Centocor created the movie to inform the public about diseases that are poorly understood and can cause pain and humiliation for patients, said Michael Parks, Centocor's vice president of communications.

Remicade is a biologic drug, meaning it is made from human cell cultures, and it disrupts how the immune system attacks the body. There are several competing drugs for autoimmune diseases, but Remicade is the market leader, producing $3 billion in sales last year for Centocor and its parent company, Johnson Johnson.

Doctors have reported remarkable turnarounds for patients with autoimmune diseases since these drugs were developed. Previously, there was little to stop rheumatoid arthritis, for example, which deforms joints and causes severe pain and swelling.

Crohn's inflames the digestive tract, raising the risk of colon cancer and causing pain and chronic diarrhea. Psoriasis causes flaky, scaly skin that is not only uncomfortable but also can embarrass sufferers.

"Innerstate" opens with Jason Knott, 33, who grew up with psoriasis and skin lesions covering as much as 80 percent of his body. He recalls in the film how parents pulled their children out of the water as he dipped into a neighborhood pool.

Centocor's Parks selected the three patients for the film, focusing on young, active patients to break down myths about the diseases.

"It is, in our mind, unconscionable that psoriasis patients are still treated like lepers," Parks said. "It's not a communicable disease."

Public stigma over autoimmune diseases came up during this session of the Minnesota Legislature, when lawmakers took ridicule for voting to guarantee that people with Crohn's disease or ulcerative colitis could use restrooms in private buildings or retail stores.

Ray Ciccarelli, who is profiled in the movie, has Crohn's disease. The 36-year-old now races in a NASCAR junior league, but prior to treatment, he rarely left his house for fear of not getting to a bathroom in time.

Regardless of whether "Innerstate" is intended as marketing, analysts believe it will help Centocor. As the market leader, it benefits from anything promoting the diseases its drugs can treat.

The key question is whether the film crosses the line from information to persuasion, said Schommer, the U expert, who has not seen the film.

Centocor appears to be using a marketing strategy common in Europe, where drug companies are banned from advertising directly to consumers, Schommer said. The strategy is to heighten public awareness about a disease and then arm physicians with drug information and samples they can offer when patients come to them with questions.
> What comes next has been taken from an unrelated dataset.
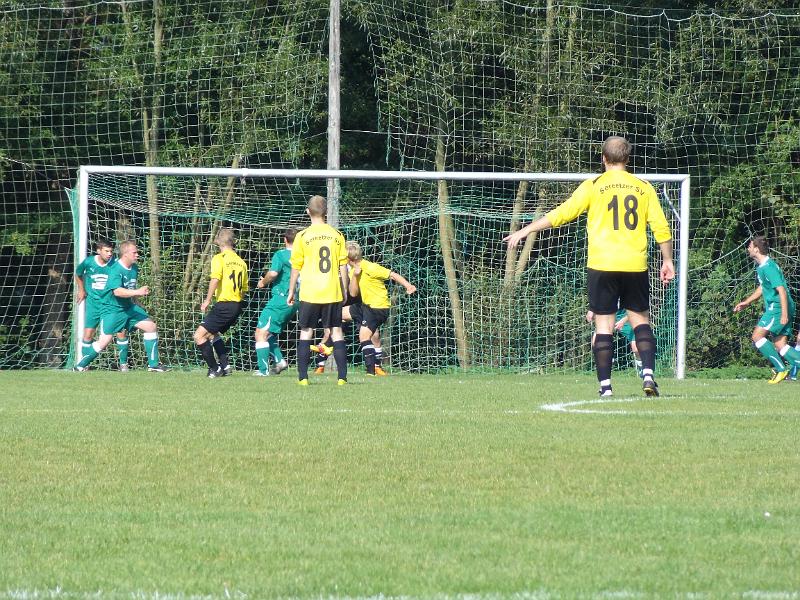 Grossenbrode-SerretzII- 004.JPG - Anders dagegen unsere Truppe.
"The successful ones have it orchestrated beautifully," Schommer said.

Dr. Carolyn Bowles believes it is marketing, and that drug companies are poor sources for patient education. The Edina rheumatologist nonetheless accepted Centocor's invitation to speak after the June 9 screening in Brooklyn Center.

She said some patients don't need Remicade, which has such powerful effects on the immune system that it can increase the risks of infections such as tuberculosis.

Others need it earlier but are forced to wait because of insurance restrictions, she said. Remicade is given by infusion and costs each patient $12,000 to $20,000 per year.

Jeremy Olson can be reached at or 651-228-5583.


What: a free movie followed by physician comments and health fair

When: 10 a.m. June 9

Where: Regal 20, 6420 Camden Ave. N., Brooklyn Center


Why: Critics call this a new tactic in pharmaceutical advertising, but drug maker Centocor said it produced the movie to spread awareness and humanize immune system diseases.